In 1878, the Italian, Innocenzo Regazzoni, discussed the concept of the Copper Age in his monograph L’uomo preistorico nella provincia di Como. His discourse is of interest, as he clearly understood Wilde as well as Lubbock to have posited a Copper Age, but his conclusions are conventional for the period—he allowed for a Copper Age in North America, but argued that pure copper artefacts were so rare in Europe and particularly in Italy that ‘if in some places this metal was known and used before bronze, this was of no importance and did not last long enough to constitute a true Copper Age’ (Regazzoni 1878, p. 82; my translation). Regazzoni’s book was reviewed, rather harshly and at length, by Pellegrino Strobel in the Italian national prehistory journal, the Bullettino di Paletnologia Italiana, and indeed Strobel explicitly mentions Regazzoni’s discussion of the Copper Age question (Strobel 1878, p. 148).

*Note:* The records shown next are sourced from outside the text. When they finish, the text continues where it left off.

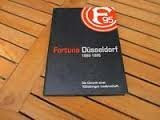 Fortuna Düsseldorf 1895-1995: Die Chronik einer 100jährigen Leidenschaft. Hrsg. v. Fortuna Düsseldorf u. Werner Jakobs
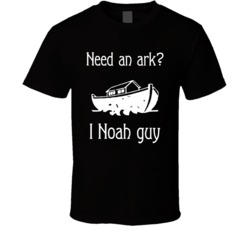 Need An Ark I Noah Guy Funny T Shirt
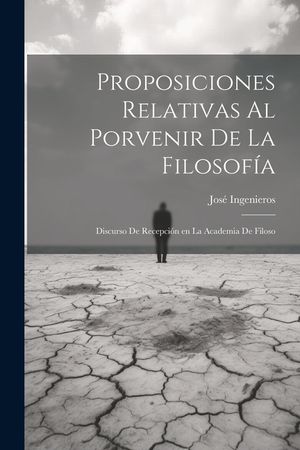 Proposiciones relativas al porvenir de la filosof&iacute;a: Discurso de recepci&oacute;n en la Academia de Filoso image number 0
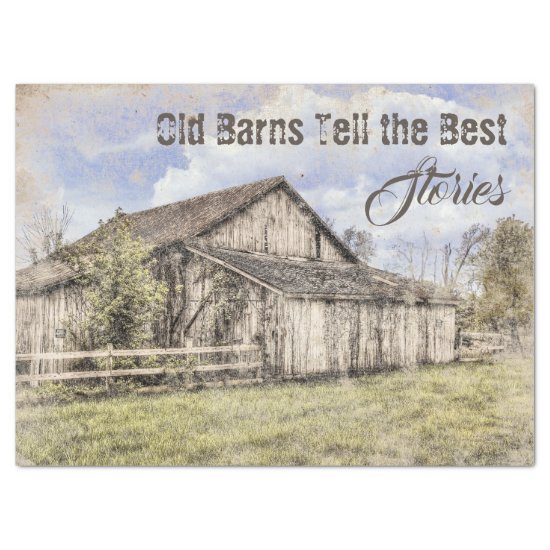 OLD BARNS TELL THE BEST STORIES VINTAGE FARMHOUSE TISSUE PAPER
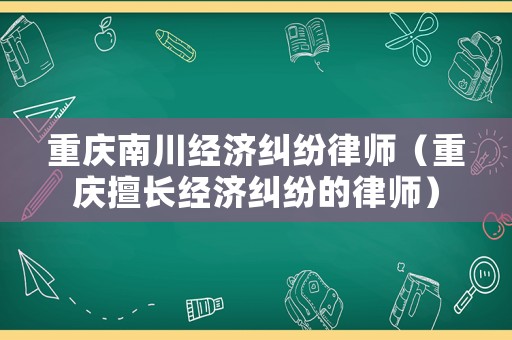 重慶南川經(jīng)濟(jì)糾紛律師（重慶擅長經(jīng)濟(jì)糾紛的律師）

The ninth Congrès international d’anthropologie et d’archéologie préhistoriques was held in Lisbon in 1880, and the Copper Age was again one of the official themes for discussion, except that the question was no longer whether such an age existed, but how it could be recognised: ‘D’après quels faits peut-on reconnaître la transition de l’âge de la pierre polie à celui du cuivre ou des métaux en Portugal?’ (‘What evidence can be adduced to identify the transition from the age of polished stone [the Neolithic] to the copper or metal age in Portugal?’, my translation) (Congrès1884, p. xi). Juan Vilanova y Piera presented a paper arguing for the local development of metallurgy in Spain, conflating the existence of a Copper Age with local development of metallurgy (Vilanova 1884). It is interesting that he refers to megalithic tombs dating to ‘l’âge de la pierre polie, du cuivre, du bronze etc.’ (‘the age of polished stone, of copper of bronze, etc.’, my translation) (Vilanova 1884, p. 353), a rhetorical device that suggests that he felt that the existence of a Copper Age no longer needed justifying. But in the debate that followed, the French prehistorians contested his conclusions. Chantre—while not excluding a priori the existence of a Copper Age in Spain—expressed the opinion that it was not proven. His argument was the lack of analyses, but also the dominant hypothesis that the knowledge of metallurgy was introduced from the East, and Chantre stressed that even in Hungary, where the most copper artefacts had been found to date, the existence of a Copper Age was still not proven (Vilanova 1884, pp. 355–356). Gabriel de Mortillet also refused to accept Vilanova’s model, on the grounds that artefacts were made in copper when tin was in short supply and (erroneously) that the axes that Vilanova claimed were copper were of forms datable to late in the Bronze Age (Vilanova 1884, p. 357). Likewise, Cartailhac, in his Rapport sur la session de Lisbonne, published immediately after the congress, was critical, commenting that ‘M. Vilanova parle dans les termes très-vagues de l’âge du bronze en Espagne et de l’âge du cuivre qui l’a précédé’ (‘Mr Vilanova speaks in very vague terms of the Bronze Age in Spain and the Copper Age which preceded it’, my translation) and giving much space to the objections raised (Cartailhac 1880, p. 74).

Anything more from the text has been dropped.